Take, for example, Ampparito’s orange tree on a sidewalk. If you were to plant such a tree in a public space, what is to stop people from picking all the oranges? The artist then constructed a metal cage for the tree, measuring plenty of hands and oranges so that if a child were to put their hand through the bars and grasp an orange, he or she would not be able to pull it out!
In another instance, Ampparito and his team repainted the rusty gate of a factory that had been closed for 33 years. Back then, a thousand workers would pass through those gates every day. Ampparito was able to track down nine of these people and asked them to recall the original shade of green of the gate. Since almost all chose different shades, the team mixed all the shades together and repainted the gate with the result. It was about working with different memories, blending them into new shades of green, to come out with something similar to the truth.
Another thought-provoking project was his take on the practice of putting signs on cars saying “no hay nada de valor” (there is nothing of value). Beyond installing alarms and other deterrents to theft, this makes an appeal to the would-be thief not to waste his time, and also to spare the car owner from having to replace the glass.
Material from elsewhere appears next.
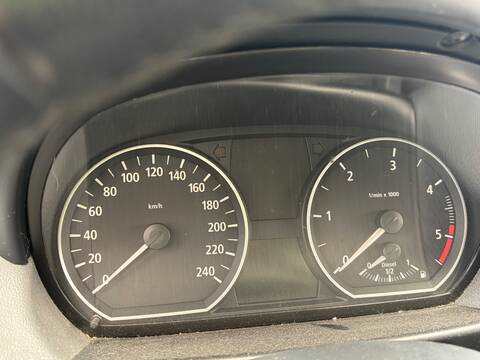Cuadro de Instrumentos Bmw Serie 1 114 204D4 BERLINA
Ampparito made giant versions of the sign, putting them on street walls, billboards, and even horses in fields. Some locations almost got them into trouble, as you may imagine (“Why are you putting that outside my house?? I’m going to call the police! I’m going to come back with three people and beat you up!”). The artist then ponders that perhaps there really was something of value in that house.
We should not be surprised, then, that the performance of stenciling calendars up to the year 2099 while seated outside the Ayala Museum would lead to something similarly provocative at Art Fair Philippines. When the fair opens privately on Feb. 5 and then to the public on Feb. 6, you may expect that Ampparito’s 75 years’ worth of calendars will be hard to miss. The artist is playing around with many ideas of how they can be displayed—in lines? Wrapped around the stairs? Covering an entire wall or just in groups at eye level, so the dates and years can be clearly seen?
What started this “Esperanza de Vida (Life Expectancy)” project, a combination of performance (drawing all the calendars of one’s life within a week) and installation, was the recent death of an uncle, which forced the artist to start thinking of life and mortality. But this is not necessarily a macabre exercise. There are many ways to look at being in a space where one of the calendars (inevitably) contains the day of your death. You could view it as all the years pertaining to life, and what you would do with those days. Where will we travel this year? Perhaps by this decade, your children will be married? What will technology bring 20 years from now? All the questions of your life.